My friend Dema is giving me a ride to class. Dema and I have only been friends for a few weeks, but we’ve become close very quickly. She is eating olives from a small, unlabeled glass jar near the gear shift, and she offers me one. 

The olive looks different from any I have ever seen before — pointy on both ends, a bright, light yellow-olive green, with herbs stuck on it all around the outside. I look up at Dema, surprised, and she answers my unasked question. “My aunt sends them to me from Palestine.”

I’m awestruck. “Palestinian olives!” I say. Dema nods. I know that one of the tactics the Israeli government has used against the Palestinians has been to destroy over a million olive trees, devastating the livelihoods (and the hearts) of tens of thousands of families. This olive in my hand somehow survived that and made it all the way to me, in the Eastern US, at this moment.

I put the olive in my mouth and chew. It tastes different than any olive I have encountered as well: tangy, tart, and more substantial against my teeth than I am used to. I can feel my molecules rearranging as I contemplate what this olive and its ancestors must have been through. The resilience of the olive, the resilience of the people.

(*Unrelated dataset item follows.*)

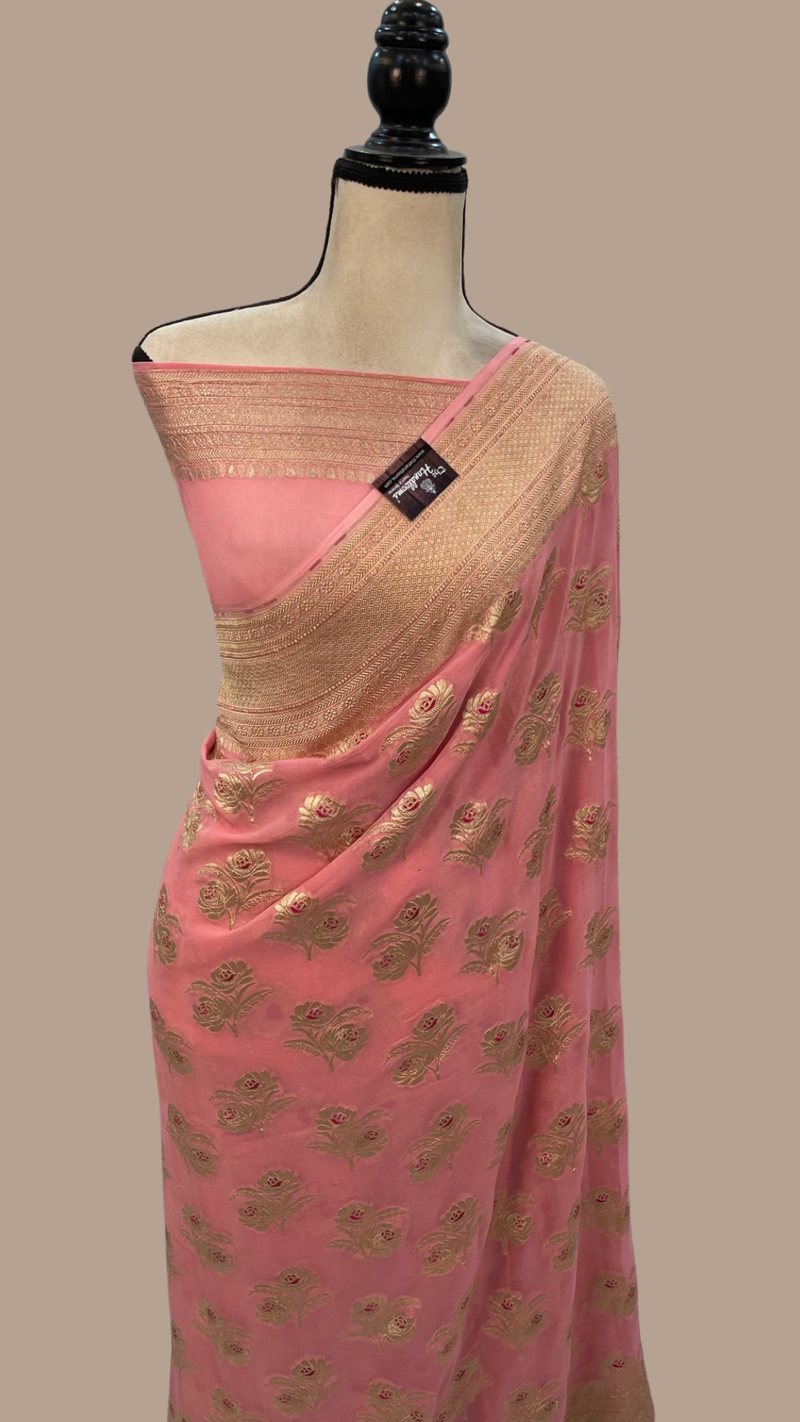 Khaddi Georgette Handloom Banarasi Saree - All over Jaal Work with meenakari - The Handlooms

I’m a Jewish American, a progressive, and a peace activist. For decades I have opposed Israel’s occupation of Palestinian land and all the forms of cruelty that have been used to maintain and expand it. I know a lot of Jews who say they know the occupation is wrong, but they can’t really empathize with the suffering of the Palestinians because they identify so strongly with Jewish Israelis. I always thought I wasn’t one of those people.

But before I met Dema, my empathy was abstract — I saw something terrible happening to some faraway people in a faraway land. Having a close Palestinian friend for the first time let me realize that it’s happening to actual, regular people. People just like me.

Back in the car, Dema is nodding. “Yeah,” she says, “Food is resistance.”

“Yeah,” I say. I take another olive.